Problem to work on: Each line below needs to be repeated precisely as it is.

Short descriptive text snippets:
===============
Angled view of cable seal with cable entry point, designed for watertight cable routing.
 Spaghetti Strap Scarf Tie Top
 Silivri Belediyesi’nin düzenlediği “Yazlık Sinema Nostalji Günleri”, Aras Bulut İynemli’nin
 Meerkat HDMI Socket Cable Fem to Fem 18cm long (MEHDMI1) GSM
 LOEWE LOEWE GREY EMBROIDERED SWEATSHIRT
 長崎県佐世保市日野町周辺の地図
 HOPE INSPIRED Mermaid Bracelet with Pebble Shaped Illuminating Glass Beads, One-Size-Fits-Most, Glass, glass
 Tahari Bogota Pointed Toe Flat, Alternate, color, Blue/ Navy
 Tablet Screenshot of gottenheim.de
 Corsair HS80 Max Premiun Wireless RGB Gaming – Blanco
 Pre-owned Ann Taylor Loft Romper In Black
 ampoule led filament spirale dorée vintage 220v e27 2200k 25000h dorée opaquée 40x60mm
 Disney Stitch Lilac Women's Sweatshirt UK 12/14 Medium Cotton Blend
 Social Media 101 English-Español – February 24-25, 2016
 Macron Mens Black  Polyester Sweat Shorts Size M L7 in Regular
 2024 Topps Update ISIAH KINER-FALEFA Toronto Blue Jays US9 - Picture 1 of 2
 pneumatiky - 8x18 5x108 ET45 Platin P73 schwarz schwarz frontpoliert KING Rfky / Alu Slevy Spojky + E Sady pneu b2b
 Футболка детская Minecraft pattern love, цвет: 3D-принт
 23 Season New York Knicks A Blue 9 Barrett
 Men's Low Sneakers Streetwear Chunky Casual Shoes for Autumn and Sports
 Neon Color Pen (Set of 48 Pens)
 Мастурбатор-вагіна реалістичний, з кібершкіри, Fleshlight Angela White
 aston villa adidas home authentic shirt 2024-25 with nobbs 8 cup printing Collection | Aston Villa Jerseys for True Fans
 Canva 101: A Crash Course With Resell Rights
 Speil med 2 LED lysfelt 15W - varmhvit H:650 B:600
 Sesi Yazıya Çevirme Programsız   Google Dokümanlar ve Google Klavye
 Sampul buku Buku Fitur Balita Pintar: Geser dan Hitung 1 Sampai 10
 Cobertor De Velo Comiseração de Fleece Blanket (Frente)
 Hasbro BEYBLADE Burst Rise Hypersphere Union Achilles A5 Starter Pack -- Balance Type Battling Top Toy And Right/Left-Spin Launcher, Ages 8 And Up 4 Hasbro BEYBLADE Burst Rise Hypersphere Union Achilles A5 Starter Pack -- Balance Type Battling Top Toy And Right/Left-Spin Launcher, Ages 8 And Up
===============
Problem solution:
Angled view of cable seal with cable entry point, designed for watertight cable routing.
 Spaghetti Strap Scarf Tie Top
 Silivri Belediyesi’nin düzenlediği “Yazlık Sinema Nostalji Günleri”, Aras Bulut İynemli’nin
 Meerkat HDMI Socket Cable Fem to Fem 18cm long (MEHDMI1) GSM
 LOEWE LOEWE GREY EMBROIDERED SWEATSHIRT
 長崎県佐世保市日野町周辺の地図
 HOPE INSPIRED Mermaid Bracelet with Pebble Shaped Illuminating Glass Beads, One-Size-Fits-Most, Glass, glass
 Tahari Bogota Pointed Toe Flat, Alternate, color, Blue/ Navy
 Tablet Screenshot of gottenheim.de
 Corsair HS80 Max Premiun Wireless RGB Gaming – Blanco
 Pre-owned Ann Taylor Loft Romper In Black
 ampoule led filament spirale dorée vintage 220v e27 2200k 25000h dorée opaquée 40x60mm
 Disney Stitch Lilac Women's Sweatshirt UK 12/14 Medium Cotton Blend
 Social Media 101 English-Español – February 24-25, 2016
 Macron Mens Black  Polyester Sweat Shorts Size M L7 in Regular
 2024 Topps Update ISIAH KINER-FALEFA Toronto Blue Jays US9 - Picture 1 of 2
 pneumatiky - 8x18 5x108 ET45 Platin P73 schwarz schwarz frontpoliert KING Rfky / Alu Slevy Spojky + E Sady pneu b2b
 Футболка детская Minecraft pattern love, цвет: 3D-принт
 23 Season New York Knicks A Blue 9 Barrett
 Men's Low Sneakers Streetwear Chunky Casual Shoes for Autumn and Sports
 Neon Color Pen (Set of 48 Pens)
 Мастурбатор-вагіна реалістичний, з кібершкіри, Fleshlight Angela White
 aston villa adidas home authentic shirt 2024-25 with nobbs 8 cup printing Collection | Aston Villa Jerseys for True Fans
 Canva 101: A Crash Course With Resell Rights
 Speil med 2 LED lysfelt 15W - varmhvit H:650 B:600
 Sesi Yazıya Çevirme Programsız   Google Dokümanlar ve Google Klavye
 Sampul buku Buku Fitur Balita Pintar: Geser dan Hitung 1 Sampai 10
 Cobertor De Velo Comiseração de Fleece Blanket (Frente)
 Hasbro BEYBLADE Burst Rise Hypersphere Union Achilles A5 Starter Pack -- Balance Type Battling Top Toy And Right/Left-Spin Launcher, Ages 8 And Up 4 Hasbro BEYBLADE Burst Rise Hypersphere Union Achilles A5 Starter Pack -- Balance Type Battling Top Toy And Right/Left-Spin Launcher, Ages 8 And Up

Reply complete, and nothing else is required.